Consider an example in which the submit description file for NodeC uses the New Syntax for the arguments command:

arguments = "$(args)"

The resulting values passed to the NodeC executable are:

Nairo Quintana
Chris Froome

Using special macros within a definition

The $(JOB) and $(RETRY) macros may be used within a definition of the string that defines a variable. This usage requires parentheses, such that proper macro substitution may take place when the macro’s value is only a portion of the string.

  • $(JOB) expands to the node JobName.

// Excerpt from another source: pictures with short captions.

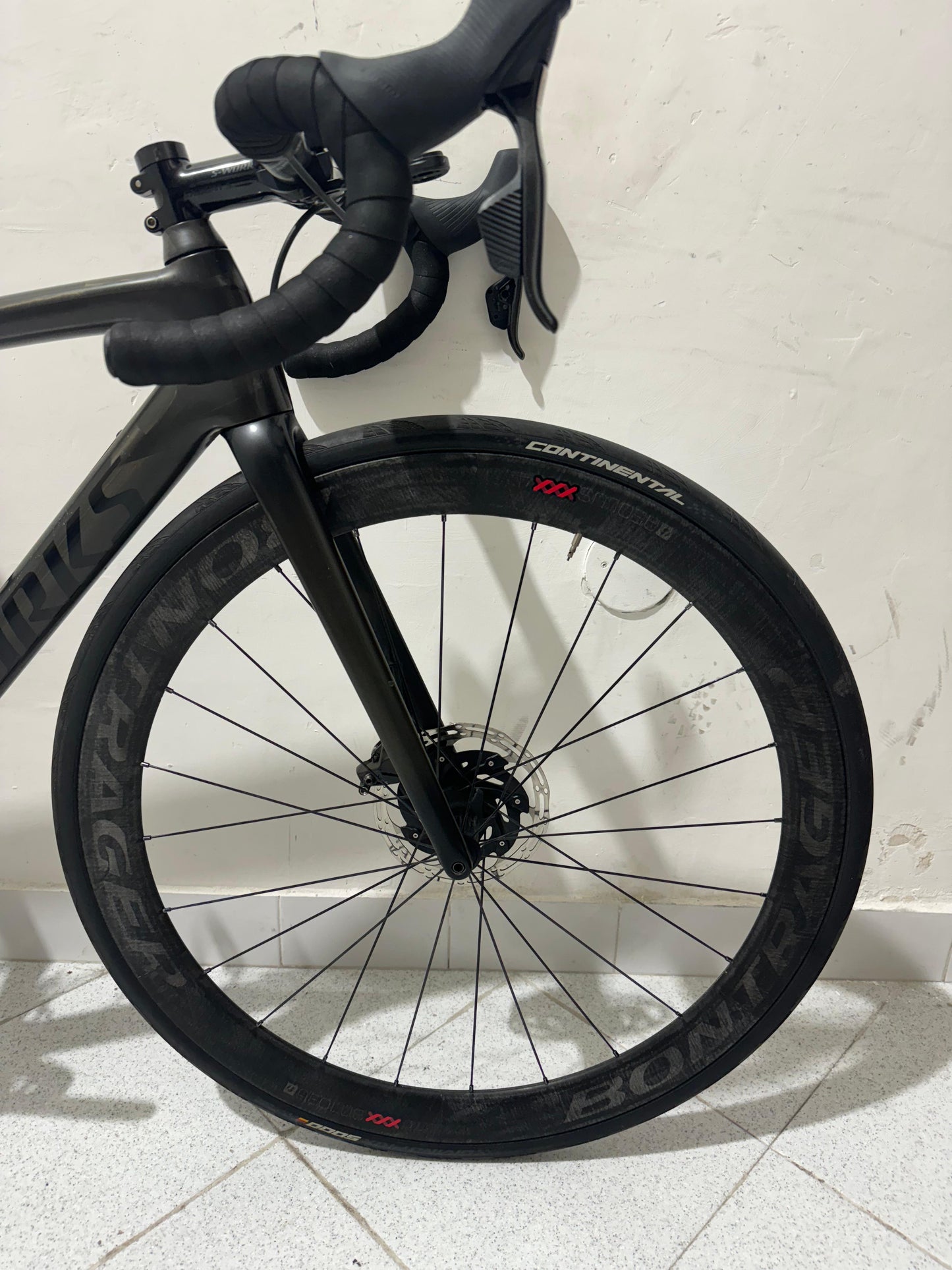 S-Works Tarmac SL6 Tamaño 49 - Usado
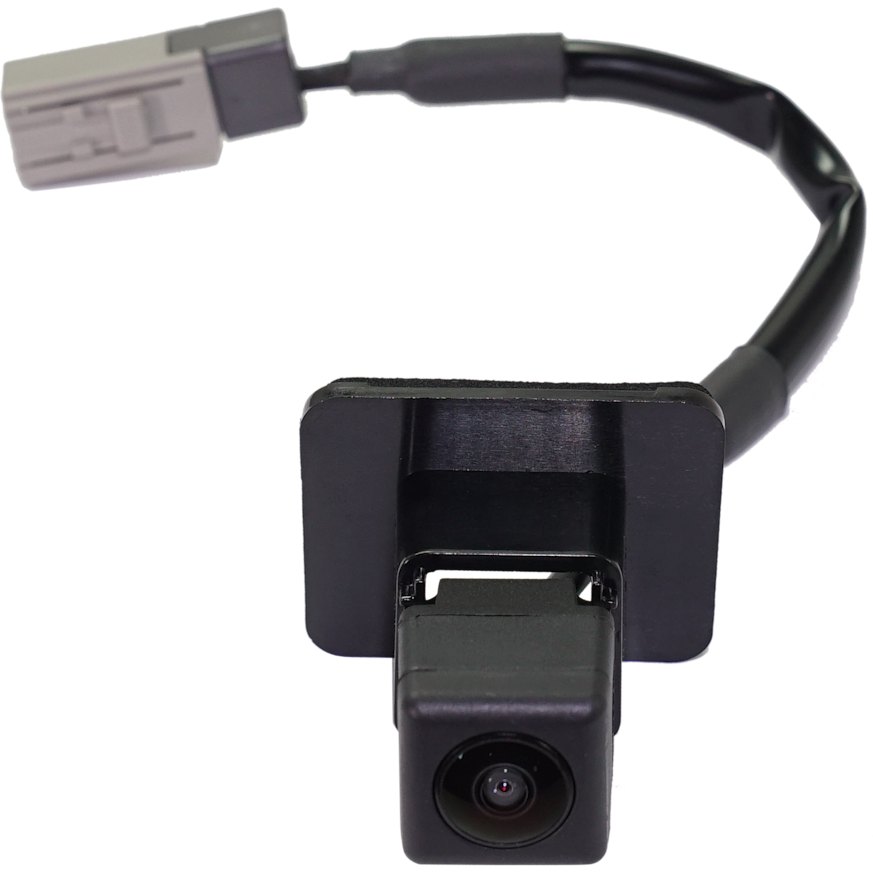2015-2019 Subaru Outback Rear Park Assist Camera - SU1960117 — Partify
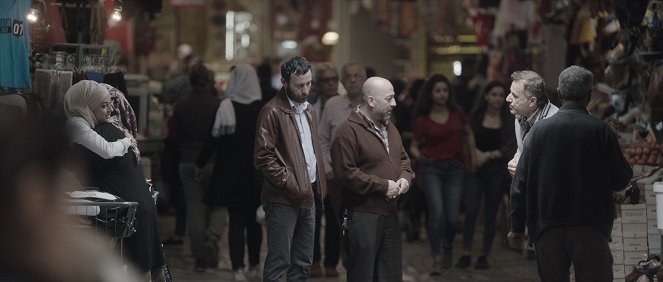 Uzun Zaman Önce - De la película
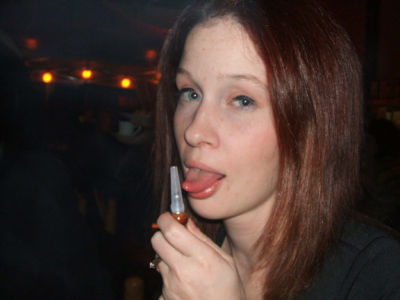 Amy Murr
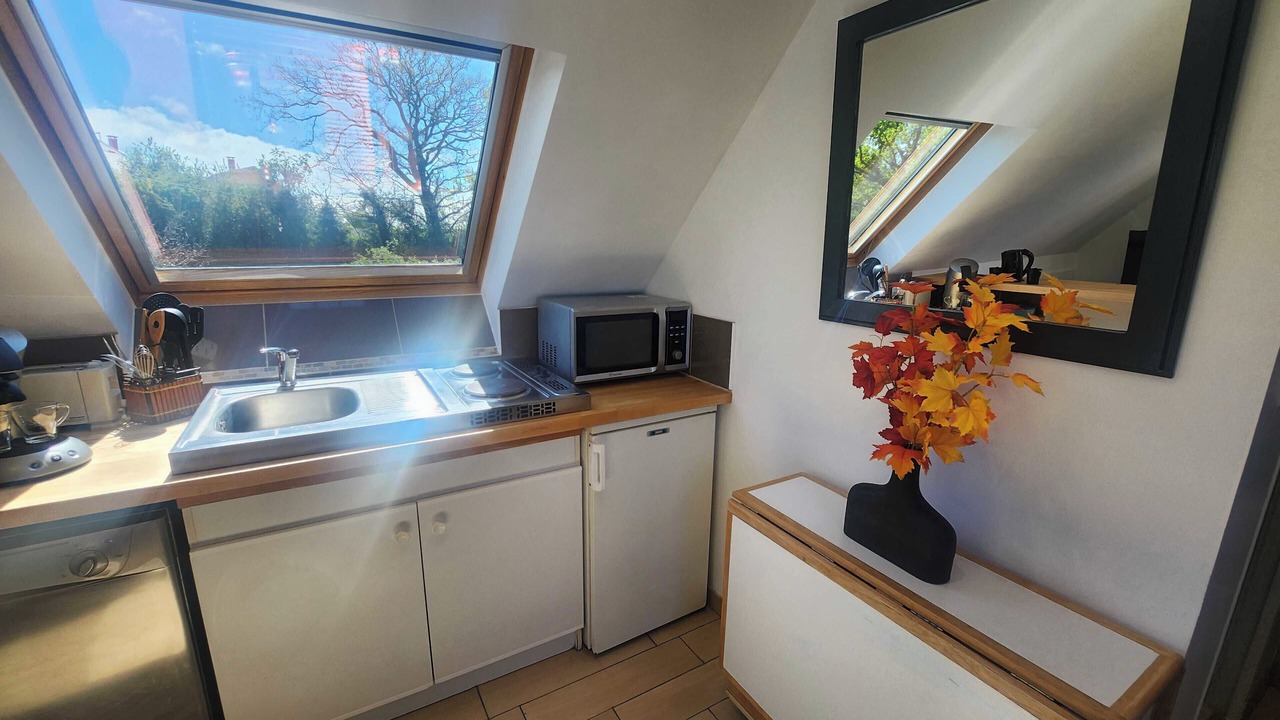 Photo of Kitchen in Blonville-sur-Mer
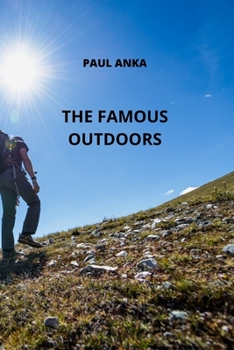 Paperback The Famous Outdoors Book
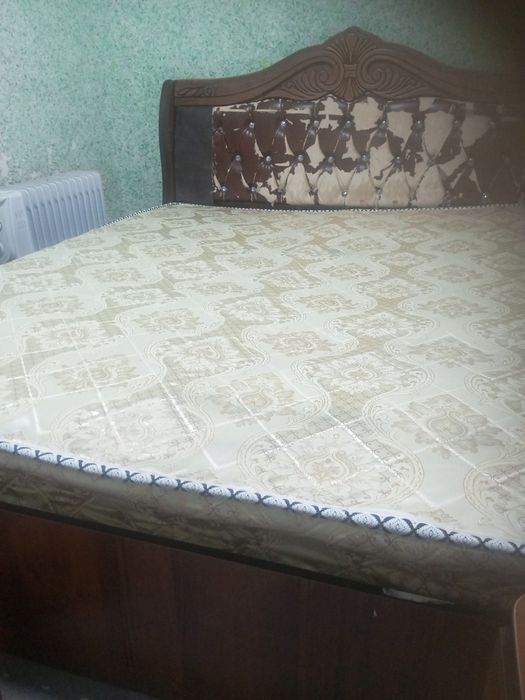 Srochni sotildi xolati yaxshi koʻp ishlatilmagan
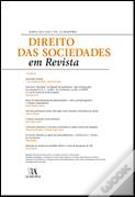 Direito das Sociedades em Revista - 2015, Ano VII, Vol. 13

If the VARS line appears in a DAG file used as a splice file, then $(JOB) will be the fully scoped name of the node.

    For example, the DAG input file lines

    JOB  NodeC NodeC.submit
    VARS NodeC nodename="$(JOB)"
    

    set nodename to NodeC, and the DAG input file lines

    JOB  NodeD NodeD.submit
    VARS NodeD outfilename="$(JOB)-output"
    

    set outfilename to NodeD-output.

  • $(RETRY) expands to 0 the first time a node is run; the value is incremented each time the node is retried. For example:

    VARS NodeE noderetry="$(RETRY)"
    

Using VARS to define ClassAd attributes

The macroname may also begin with a My., in which case it names a ClassAd attribute. For example, the VARS specification

VARS NodeF My.A="\"bob\""

results in the the NodeF job ClassAd attribute

A = "bob"

Continuing this example, it allows the HTCondor submit description file for NodeF to use the following line:

arguments = "$$([My.A])"

Note that while the old behavior of using the + character to signify classad attributes does work, it is not recommended over using My.

VARS NodeF +A="\"bob\""

will also result in

A = "bob"